This is another of those outtakes of the Capital One “What’s in Your Wallet?” slogan. Today it’s “What’s in Your Food Supply?” Just picture Samuel L. Jackson with those wide eyes confronting you!
Sometimes ideas will coagulate and sit in my brain over a period of days – and out spills something I can’t hold onto any longer. The amalgam of questions just bubbles up like a high-school Chemistry experiment gone awry:
Over the last week or so I have come upon several media items concerning the health, or lack thereof, of our food supply. My son happens to be taking a course in Environmental Ethics this semester and I have asked him if his class talks about any issues concerning the food supply in this Country. He said no – and so this got me to thinking about how we have run amuck so far and so fast…………
There is an interesting push-pull I wonder about in the world these days – I see it in 3 major areas. I define Push-Pull as the struggle to do the “right thing”, or lack thereof, in the absence of some “authority” to guide one there – how Corporations and individuals use the law and not their own moral compass to define the standards within which they do business. This, of course, is a broad generalization – one which I am perfectly happy to acknowledge, doesn’t apply to all.
We all know that the law does not always get it right and so, is it right to ignore the moral compass, or, perhaps more succinctly, is there a moral compass we can depend upon in business? It would seem that people push right up against the law and even break it when they think they can get away with it and patently ignore what is good for the consumer, or individual as a matter of course in our every day lives. This becomes the modus operandi of our world and we are existing within the parameters of the collateral outcomes…… Are we comfortable with this?
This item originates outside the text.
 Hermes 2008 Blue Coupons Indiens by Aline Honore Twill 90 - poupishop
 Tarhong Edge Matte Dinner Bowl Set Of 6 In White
Hmmm – here are the three areas where I happen to think about this happening often:
- Wall Street
- Medicine
- Food Supply
I will try to steer clear of the first two, because I try very hard to keep politics out of this blog – partly because politics often envelops me daily and I get a little crazy – and partly because I’d like to keep this blog on a somewhat focused and happy level. But, when it comes to Food Supply, I feel this is fair game here.
Last week, I watched an episode of Bill Maher where, he had as a guest, the author of The Meat Racket, Christian Leonard. He spoke about how we really don’t want to know how our meat supply is produced. Then I saw a post which directly correlated the use of the pesticide Roundup with the rise in Gluten-intolerance. Then I saw an article in the NYT about chicken-farming standards being raised in California and how all chickens will want to live in California. Then I read about the Yoga Mat” chemical, azodicarbonamide being added to bread, and about 50 other items in our grocery stores. Then I remembered a discussion I heard on CNBC after CVS announced they were no longer going to sell cigarettes and how this was a dumb idea because it would hurt their profits. Then, I got to thinking about the plight of the Bees…… “Really?” – to all of these things! I found myself more than a little agitated at the coagulation of these issues in my little brain…….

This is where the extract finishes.